- _Your instructions_
Print exactly the lines below between the line containing "Gardening Pattern Print" and the line containing "Draft Robe Hook", counting both of those lines. Leave pictures out.

- _Material for the task_

▬▬▬▬▬▬

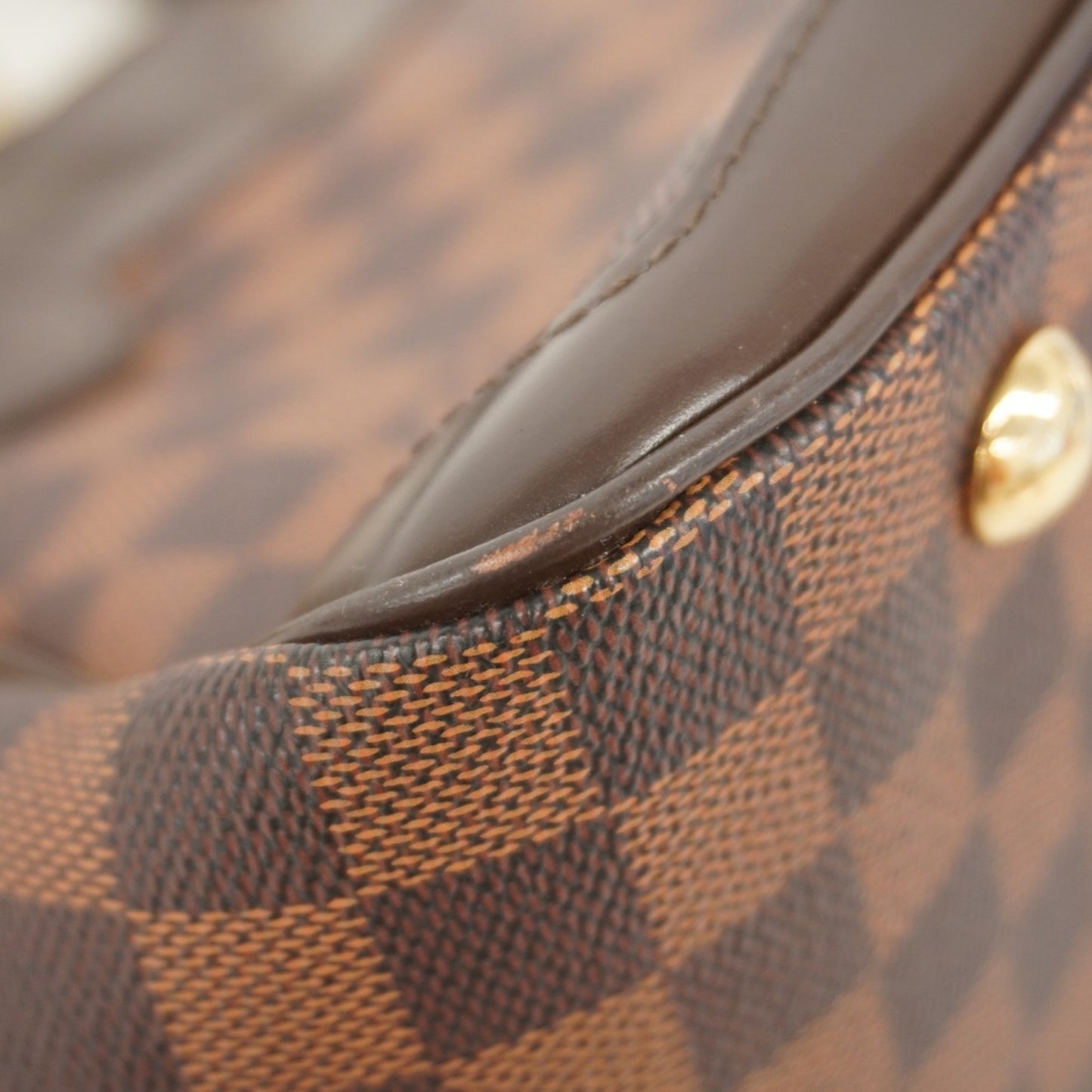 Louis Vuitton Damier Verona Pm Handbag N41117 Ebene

▬▬▬▬▬▬

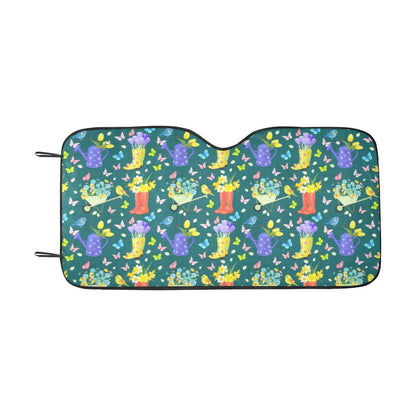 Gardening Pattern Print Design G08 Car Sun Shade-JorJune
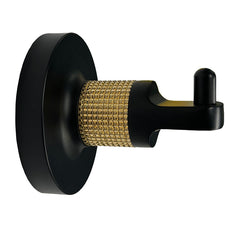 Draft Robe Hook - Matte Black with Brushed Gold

▬▬▬▬▬▬

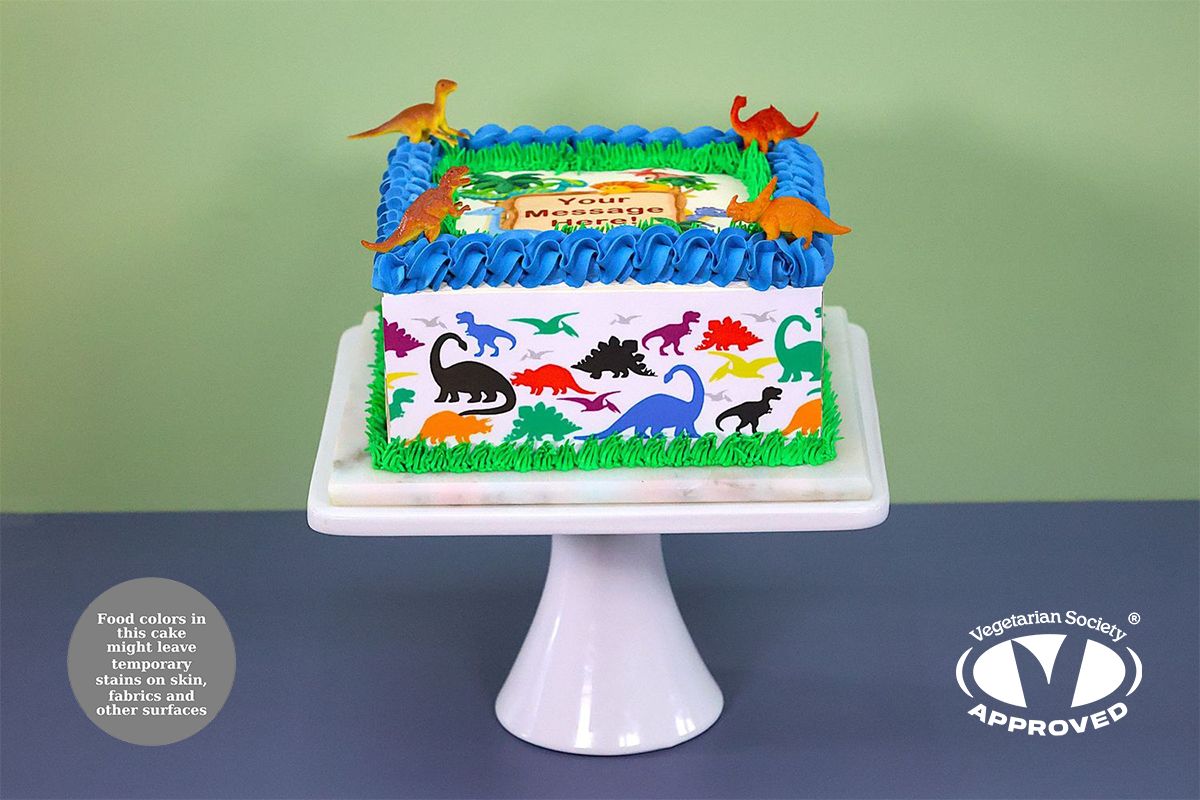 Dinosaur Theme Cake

▬▬▬▬▬▬

- _Answer to this problem_
 Gardening Pattern Print Design G08 Car Sun Shade-JorJune
 Draft Robe Hook - Matte Black with Brushed Gold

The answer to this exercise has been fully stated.